Compensation and Organization Committee
Charter of the Compensation and Organization Committee
Corporate Authorization and Purpose
The Compensation and Organization Committee is one of the standing committees of the Board of Directors specified under Article IV, Section 1 of the Corporation's by-laws. Such Committee shall have the duty to review and to make recommendations to the Board of Directors with respect to management organization, succession and development programs, the election of corporate officers and their salaries and incentive compensation or bonus awards; to make the decisions required by a committee of the Board of Directors under all stock and deferred stock plans; to approve and report to the Board of Directors changes in salary ranges for all other major position categories and, as outlined below, changes in retirement plans, group insurance plans, investment plans or other benefit plans and management incentive compensation or bonus plans; and to review, and report periodically to the Board of Directors regarding, the Corporation’s activities with respect to employee safety and occupational health, diversity and equal employment opportunity and corporate contributions.
The Compensation and Organization Committee of the Corporation shall consist of at least three directors, all of whom shall be independent as such term is defined by the New York Stock Exchange listing standards. Members of the Committee shall be appointed, and may be removed with or without cause, by the Board of Directors on the recommendation of the Governance Committee, or otherwise in accordance with the Corporation’s by-laws. The Committee may form one or more subcommittees, each of which may take such actions as may be delegated by the Committee. The Committee periodically shall report and make appropriate recommendations to the Board of Directors.
Responsibilities and Duties
As its duties and responsibilities, the Compensation and Organization Committee shall:
Organization and Management Succession
- Review at least annually management organization, succession and development.
- Make recommendations to the Board with respect to election of Corporation officers.
- Review and approve the goals and objectives relevant to the Chief Executive Officer’s compensation.
- Evaluate the Chief Executive Officer’s performance in light of those goals and objectives and recommend the Chief Executive’s compensation level taking into account this evaluation.
- Recommend for approval by the Board (excluding the Chief Executive Officer and any other non-independent director) the total compensation package provided to the Chief Executive Officer.
- Evaluate elected corporate officer performance and report findings to the Board (excluding non-independent directors).
- Determine and recommend to the Board of Directors for approval or ratification, as applicable, the total compensation (including base pay adjustments and any annual and long-term incentive payouts) paid to the elected officers of the Corporation generally. Review and approve any employment agreement, severance agreement or change of control agreement between the Corporation and its elected officers (including the Chief Executive Officer).
- Review and recommend to the Board the creation and/or revision of incentive
compensation plans and equity based plans affecting elected Corporation officers.
- Annually prepare and cause to be filed in the Corporation’s annual proxy statement a report to stockholders as required by the Securities and Exchange Commission and generally oversee compliance with the compensation reporting requirements of the Securities and Exchange Commission.

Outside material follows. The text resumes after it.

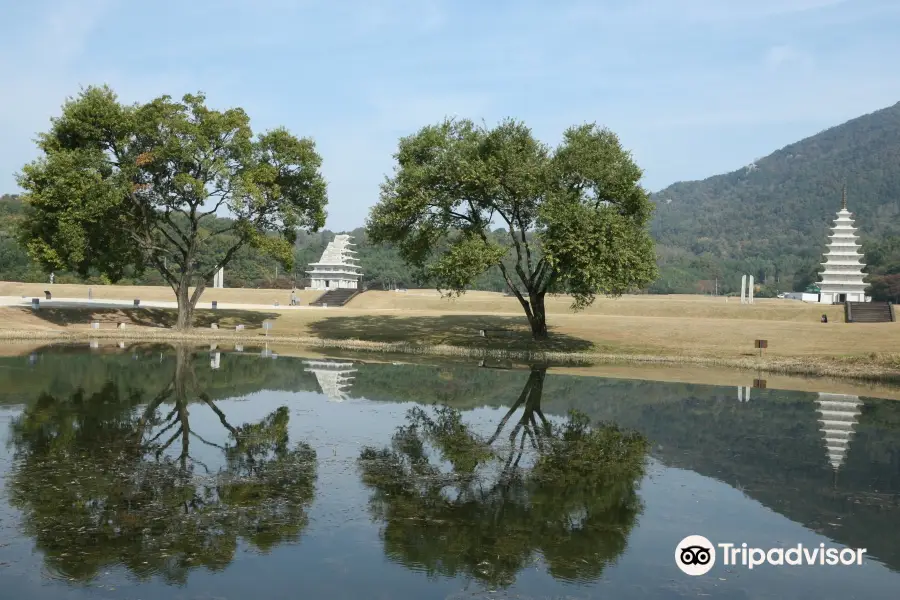 彌勒寺址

- Have the sole authority to retain or obtain the advice of any compensation consultant, legal counsel or other adviser to assist the Committee in the performance of its duties, but only after taking into consideration all factors relevant to the adviser’s independence from management, including those specified in Section 303A.05(c) of the NYSE Listed Company Manual. The Committee shall be directly responsible for the appointment, compensation and oversight of the work of any adviser retained by the Committee, and shall have sole authority to approve the adviser’s fees and the other terms and conditions of the adviser’s retention. The Corporation must provide for appropriate funding, as determined by the Committee, for payment of reasonable compensation to any adviser retained by the Committee.
- Obtain through discussions with management of the Corporation a general understanding of compensation design throughout the entire organization.

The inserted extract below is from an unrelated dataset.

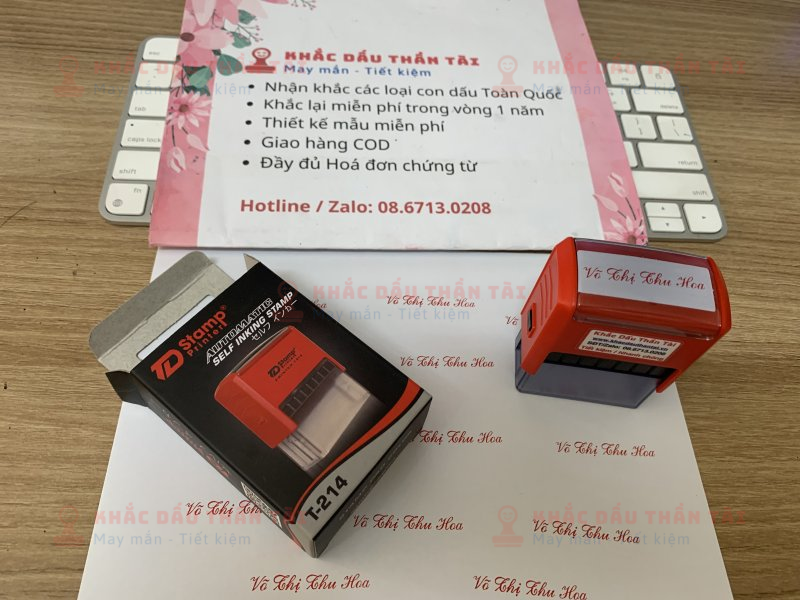Khắc con dấu Tên Võ Thị Tuyết Hoa - Màu đỏ - Đóng trên giấy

- Approve and report to the Board changes in salary ranges for all other major position categories.
- Establish the design of the benefit plans that pertain to the Chief Executive Officer and other elected officers of the Corporation.
- Review and recommend to the Board for approval settlor (non-fiduciary) changes to or adoption of qualified defined benefit pension or defined contribution plans except when the Committee, the Pension and Investment Committee, any subcommittee thereof or management of the Corporation have such approval or adoption authority under the provisions of any document reviewed or approved by the Board or the Committee.

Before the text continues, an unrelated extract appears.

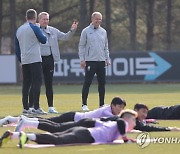 클린스만 감독과 첫 훈련하는 축구 국가대표팀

- Periodically review major benefits programs.
- Administer all plans that require “disinterested administration” under Rule 16b-3 of the Securities Exchange Act of 1934, including all stock option, restricted stock and deferred stock plans.
- Oversee and monitor the Pension and Investment Committee established under the Corporation's retirement and investment plans, report to the Board on such oversight and monitoring and approve periodically funding guidelines developed by the Pension and Investment Committee.
- Review, and report periodically to the Board of Directors regarding, the Corporation’s activities with respect to employee safety and occupational health, diversity and equal employment opportunity and corporate contributions.
- Annually evaluate the Committee's performance.